EKSES negatif tertekannya bermacam komoditas, atau produk ekspor nasional di pasar global, membuat sektor pertanian, termasuk sub-sektor perkebunan dan sub-sektor perikanan garda pengasil komoditas, atau produk pangan nasional serta merta terkulai, terpukul. Ironis, rezim pemerintah Presiden Susilo Bambang Yudhoyono bukannya segera mewanti-wanti, dan memobilisasikan atau mengerahkan Menteri Pertanian(Mentan), Suswono, dan Mendag yang hingga akhir bulan Januari 2014 dijabat Gita Wiryawan. Baik sendiri-sendiri, mau pun bersama-sama, untuk mengorganisasikan sejumlah langkah terobosan kreatif, inovotatif dan konstruktif dalam menanggulangi  kebuntuan ekpor komunitas pangan di satu pihak, dan menurunnya energi serta semangat kerja para petani, pekebun, dan nelayan di pihak lainnya.  Jangankan guna memperbaiki kualitas produksi. Untuk berproduksi pun para petani, pekebun, dan nelayan, sudah tak lagi anthausias. Para buruh tani, termasuk buruh kebun, dan buruh nelayan mulai hengkang untuk hidup sebagai komunitas urban ke kota-kota provinsi, terlebih lagi ke Jakarta.

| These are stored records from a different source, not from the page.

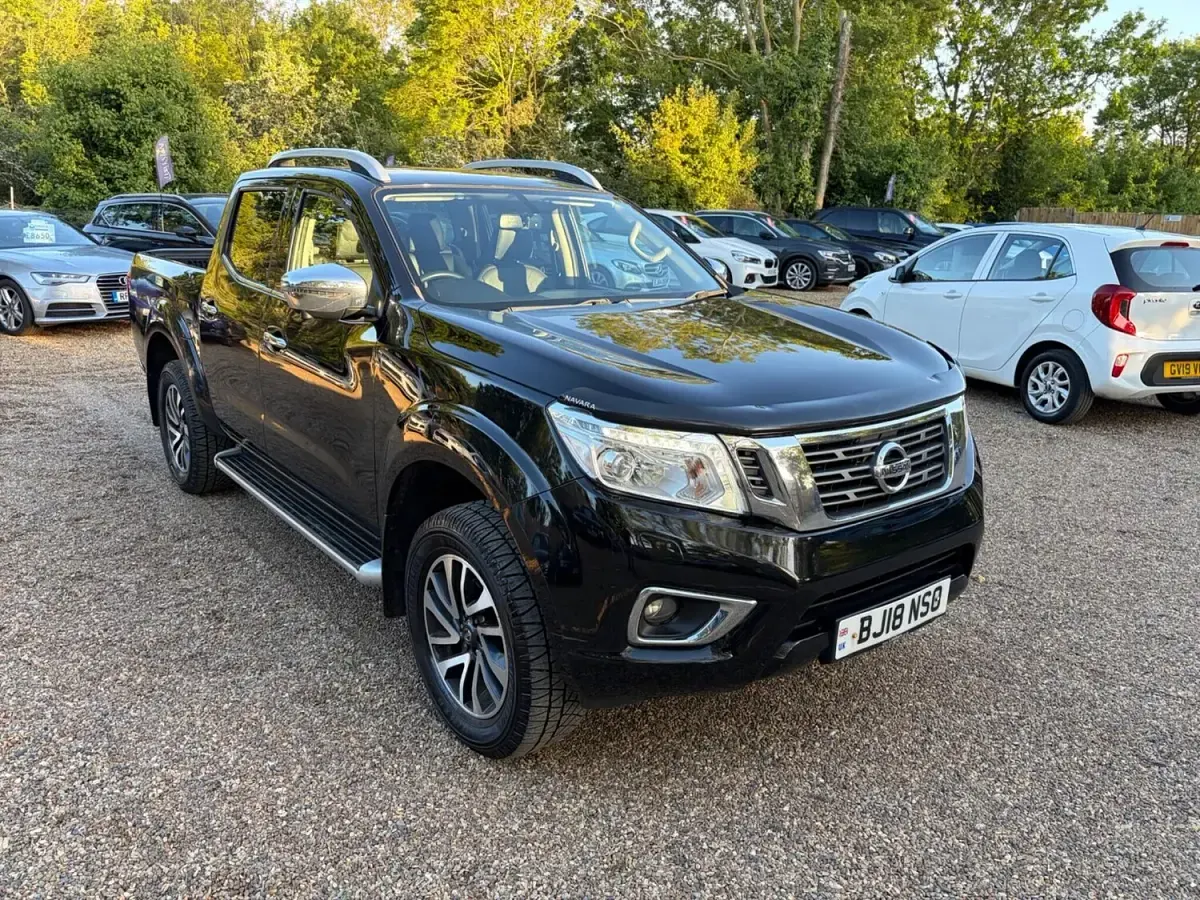 Used Nissan Navara Tekna 190 HP (139 kW) 2018 Black Pickup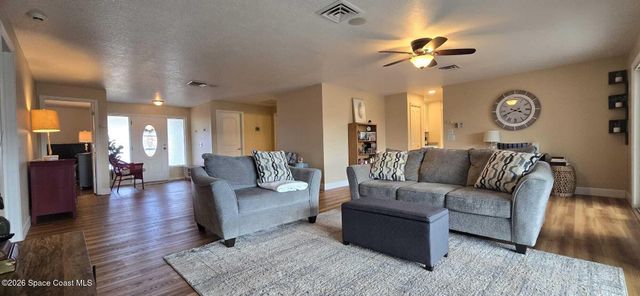 1494 Doral Court NE, Palm Bay, FL 32905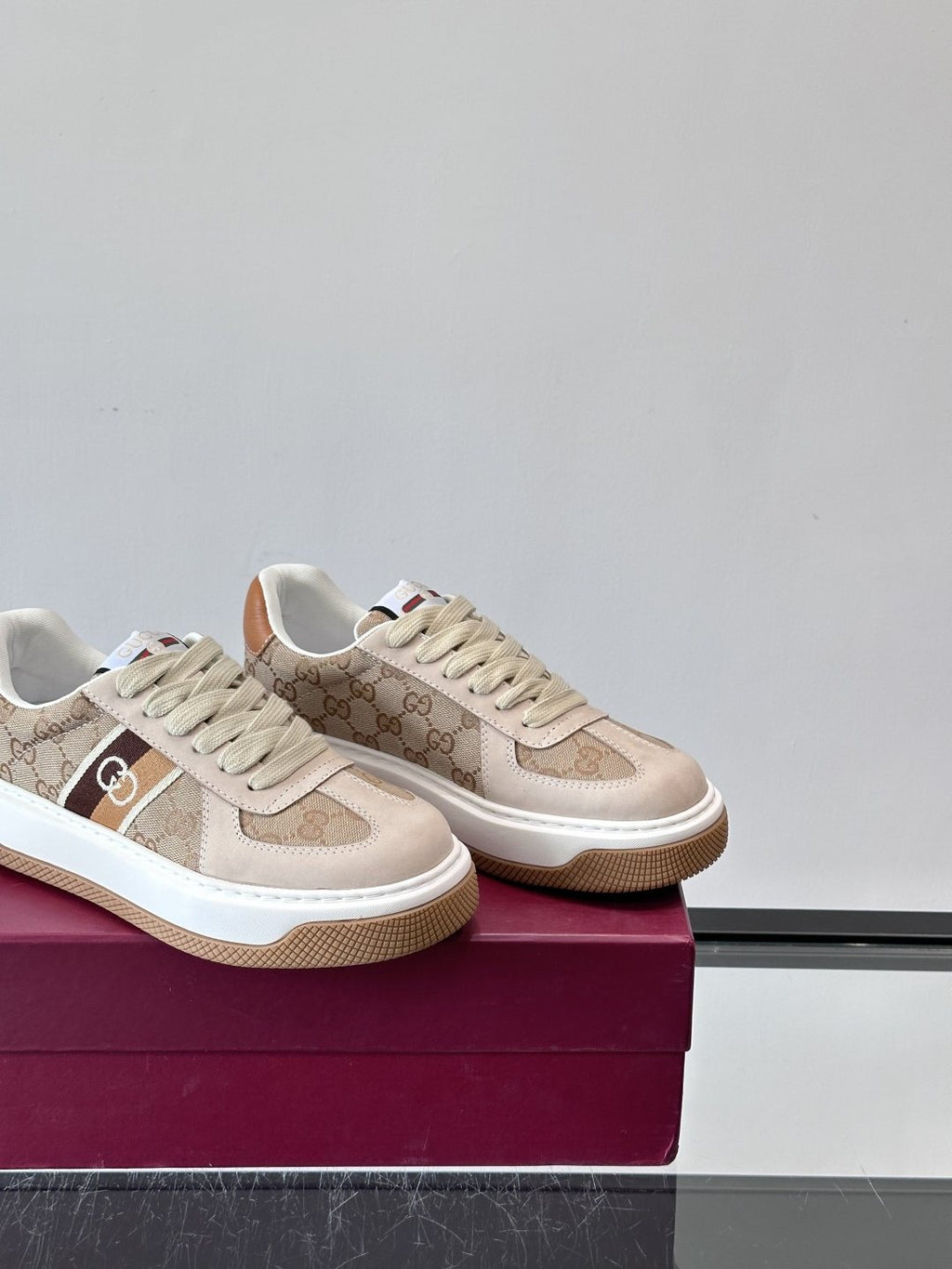 Gucci Beige Patterned Panel Sneakers — detail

Ketidak anthausiasnya lagi para petani,  pekebun, dan nelayan menggeluti sektor pertanian, termasuk sub-sektor perkebunan, dan sub-sektor perikanan,    yang merupakan habitat kehidupannya, justru disebabkan kenyataan mulai terjebaknya NKRI ke dalam perangkap

Impor. Di pihak lain, karena alih fungsi lahan pertanian produktif juga semakin menggila. Data dari Kemtan menunjuk kondisi yang sangat mencemaskan. Diungkapkan, alih fungsi areal lahan pertanian produktif untuk keperluan pembangunan pabrik industri, perumahan, jalan tol atau infrastruktur lainnya, tercatat seluas 100.000 hektar per tahun. Sedangkan pembukaan lahan untuk areal baru persawahan tercatat hanya seluas 50.000 hektar per tahun. Itu, berarti setiap tahun areal persawahan terus menerus mengalami defisit seluas 50.000 hektar. Sekadar ilustrasi, areal lahan persawahan di Provinsi Kalimantan Selatan (Kalsel) menduduki urutan ke-8 (delapan) terluas di NKRI, yakni 500.000 hektar. Namun, sepanjang kurun 8 atau 9 tahun terakhir, areal lahan persawahan itu kian merosot seluas 16.000 hektar dibabat alih fungsi.

Begitu pula dengan areal lahan kering, berupa perkebunan buah-buahan pangan, tak urung terus berkurang.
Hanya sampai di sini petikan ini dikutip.